Por Fernando González

Twitter: @DePapelyTinta

 

Hace poquito, no sé por qué, terminé en una cantina. De esas cantinas que despiden un olor intenso a tequila y a nostalgia; a borracho, pues. De esas cantinas en las que las paredes están desgastadas y maltratadas haciendo perfecta combinación con sinnúmero de corazones que le frecuentan. De esas cantinas en las que habla más el silencio que las personas, pero que la pesadumbre abunda más que las botellas. De esas cantinas.

Ordené un vaso, una botella de whisky y la mesa más triste del lugar (a nadie le gusta romper la armonía del alma con un ambiente dispar). Me senté, me serví un trago y justo después encontré un papel arrugado y perdido entre los maltrechos asientos color vino opaco de la mesa. Era una carta:

“Me llamo Ernest. Nací en Múnich, Alemania; Dios sabrá en qué año. Mis padres murieron en un accidente automovilístico cuando tenía cinco años. Mi abuela decía que encontraron su coche pero nunca sus cadáveres. Yo siempre preferí creer que decidieron fugarse y buscar algún resquicio en el mundo donde pudieran quererse sin preguntas y sin porqués, solo quererse sin reparo. De niño, mi abuela solía decirme que si llovía era porque el cielo se limpiaba de lo nocivo, de lo que le lastimaba; y que también por eso nosotros llorábamos, porque no podíamos cargar con más penas que prosperidades; entonces que si me pesaba el pecho llorara hasta que me sintiera vacío, y así empezar de nuevo. Me decía que eso de que los hombres no lloran era una putada, que los hombres lloran más y se quiebran más. Y yo le creí.

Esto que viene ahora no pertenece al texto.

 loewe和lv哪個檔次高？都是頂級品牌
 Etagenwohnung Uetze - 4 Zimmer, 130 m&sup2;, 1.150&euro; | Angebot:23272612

Cuando crecí entré a un colegio de hombres y ahí conocí a Cristian, el amor de mi vida. La primera vez que lo besé supe que no quería besar otros labios. Todos decían que era algo pasajero, cosa de la adolescencia, pero no. Nos fuimos a vivir a una pequeña casa donde nuestro amor llenaba más que los muebles. Fueron los mejores años de mi vida. Sin embargo, la guerra fue intensificando y las armas se volvieron las palabras. Fue cuando entendimos que ser diferentes era ser peligrosos, por lo menos para esos que cargaban las armas.

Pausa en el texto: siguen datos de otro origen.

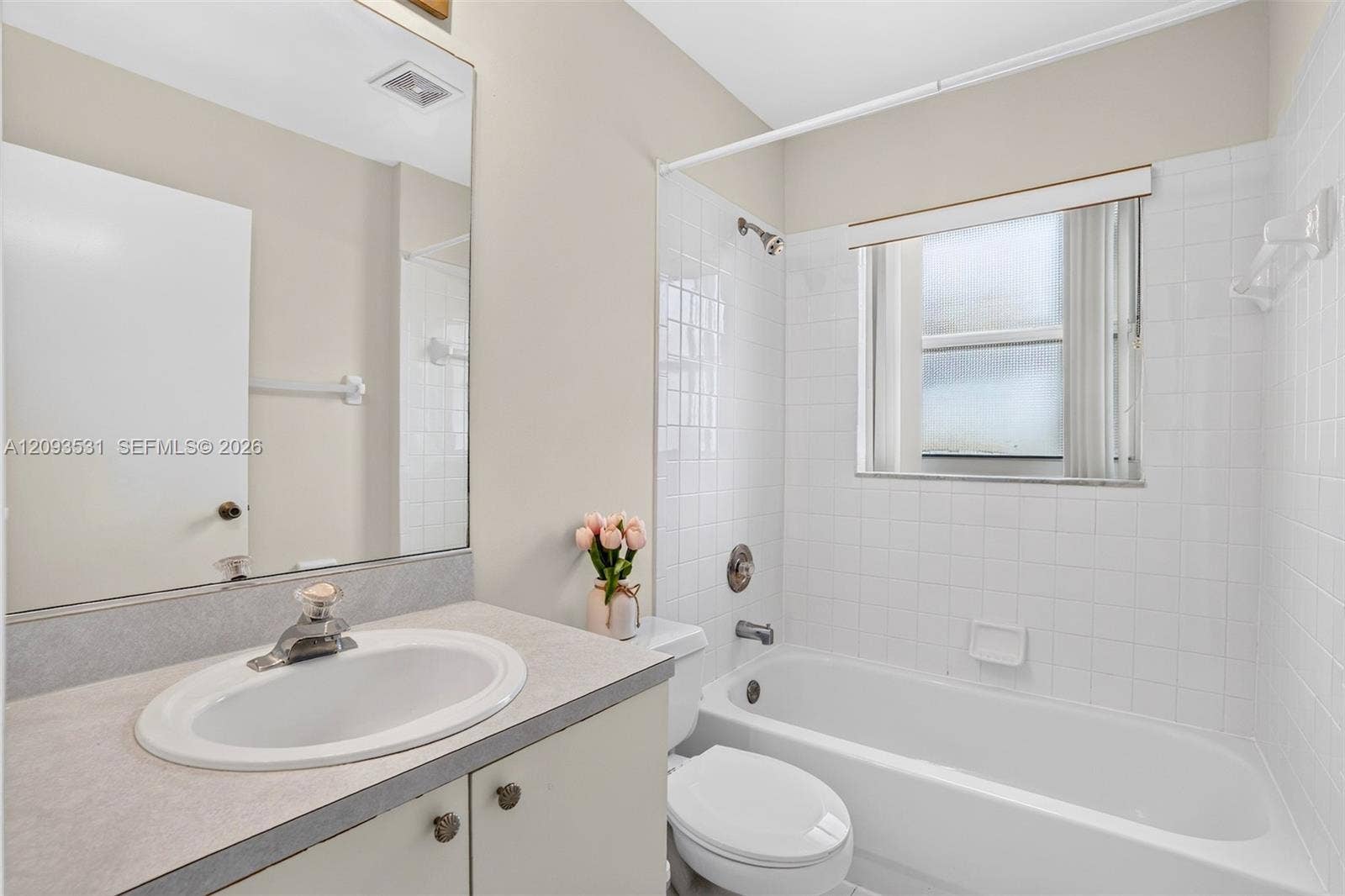 17736 SW 27th Court, Miramar, FL 33029 2nd Bathroom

A Cristian me lo arrebataron un día de esos fríos, sórdidos, en los que el viento sopla con una vehemencia como avisándote que te ocultes en los rincones más felices de la casa y que te abraces a tus recuerdos más gratos porque el destino ya hizo planes perversos y malevolentes contra ti. Yo abracé a Cristian. Por la noche mientras cenábamos y nos admirábamos con esa predilección tan nuestra, cuatro sujetos vestidos de negro y portando la insignia Nazi, irrumpieron en la casa y comenzaron a golpearnos mientras gritaban tantos homólogos de “maricones” como supieran. A mí me quebraron tantos huesos como pudieron y a Cristian se lo llevaron. Jamás volví a verlo.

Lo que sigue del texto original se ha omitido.